Step 1. Get line off.
Take a 600ml drink bottle. Drill a screw into the lid. Put the lid back on the drink bottle. Fit the shaft of the screw into where the drill bits go in the drill. Now you can use the drill to take old line off the reel and onto the bottle.




























Step 3. Reversing the line.
Use the drill/bottle method again. *This time transferring the line from the first bottle onto a 2nd bottle.*
Now spool up from bottle 2 onto the reel (under tension).
Your line is now reversed.










TIPS
*A bolt and nut thru lid would hold the bottle more rigid.
*Check your drill is not on the screw setting. Drill setting is heaps faster.
*If your spool is looking a bit low, pad it out with some extra backing before respooling.


----------



## kayakone (Dec 7, 2010)

Very clever Pip, and cheap as chips. And timely.

Yesterday I snagged a Halco HB in the Pine R. My 20 lb braid broke at 10, maybe 15 lbs, so it was degraded big time.

Thanks for that.

Trevor


----------



## scater (Nov 24, 2007)

Define a few months. There's no way any PE line should be that weakened in under a year. I've had braid still going strong after 4 years of heavy use.


----------



## pipnosis (Aug 5, 2009)

Its 4lb berkley Nanofil. Super fine. Floats in the air. Great for casting 2gm lures but, of course, prone to weakness like any 4lb line. Once reversed knots seem to hold fine. It won awards at iCast 2012 but its not everyones favourite. Plenty of criticism on the forums about it. I like it though. Seems to give me longer casts with lighter lures.

The blag from berkley -
Not a Mono. Not a Braid. The Next Generation of Fishing line. NanoFil is made out of gel-spun polyethylene, much like a superline. This ultimate spinning reel fishing line consists of hundreds of Dyneema® nanofilaments that are molecularly linked and shaped into a unified filament fishing line. Dyneema, The World's Strongest Fiber™, gives this line superline type strength and our uni-filament process makes it feel and handle like a smooth monofilament
Benefits of NanoFil
Our longest casting line! Anglers will experience exceptional casting distance and accuracy allowing them to cover more water and Catch More Fish!
Zero stretch means superb sensitivity. Now you can feel everything from the lightest pickups to the jarring strikes.
With an incredibly high strength/diameter ratio, this is the thinnest Berkley line yet meaning you can go lighter than ever before.
Zero memory virtually eliminates line tangles, which means you spend less time untangling lines and more time fishing.
NanoFil is remarkably strong at the thinnest diameters!


----------



## scater (Nov 24, 2007)

Uh huh, yep, yep but I wasn't asking for the sales pitch, I was asking how long it took to get weaker. How long is " a few months"?


----------



## pipnosis (Aug 5, 2009)

Put it on at xmas. Probably fished 6 hrs a week since then.


----------



## scater (Nov 24, 2007)

In that case, line weakening in that time is absolutely unacceptable. I'd either be after a refund or switching products.


----------



## Barrabundy (Sep 29, 2008)

I love the simplicity and cost, do your job and then throw everything in the bin because the bits are so readily available.

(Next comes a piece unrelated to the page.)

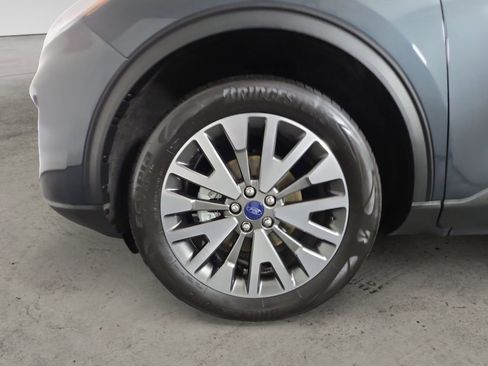 Used 2022 Ford Escape Titanium AWD/4WD image 14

Deserves a design award or some bacon.


----------



## pipnosis (Aug 5, 2009)

Throw in the bin !??? Old line goes in the "might use one day" box. ;-)

You know, with the bargain bin lures, old alveys, big swivels, shark hooks, rusty yabby pump . . .


----------



## Barrabundy (Sep 29, 2008)

pipnosis said:


> Throw in the bin !??? Old line goes in the "might use one day" box. ;-)
> 
> You know, with the bargain bin lures, old alveys, big swivels, shark hooks, rusty yabby pump . . .


No, I meant the plastic bottles, rather than store them as tools and have clutter, just toss them when you've reversed your line.


----------



## viperdevil (Dec 4, 2011)

Thanks mate. Thats fantastic idea.


----------



## rino88 (Sep 10, 2011)

That's a good idea to reverse the line :mrgreen:

I also run NanoFil on one of my reels and I love it, use it mainly for lighter lures and soft plastics. It has been on my reel for the past 4 months and it hasn't degraded at all. The only thing is that being white and me fishing is murky waters, it is now brown. If I get another 4 - 6 months use out of it I will be happy.

I'm running some cheaper braid (Pelagic) on another reel, it was originally black (about 2 months ago) and it is now a white/gray colour. Paid $25 for 500 metres so I'm not too worried, it has been performing really well but I find it frays so easily around rocky rough structure.

Will be trying out PowerPro line next... ;-)


----------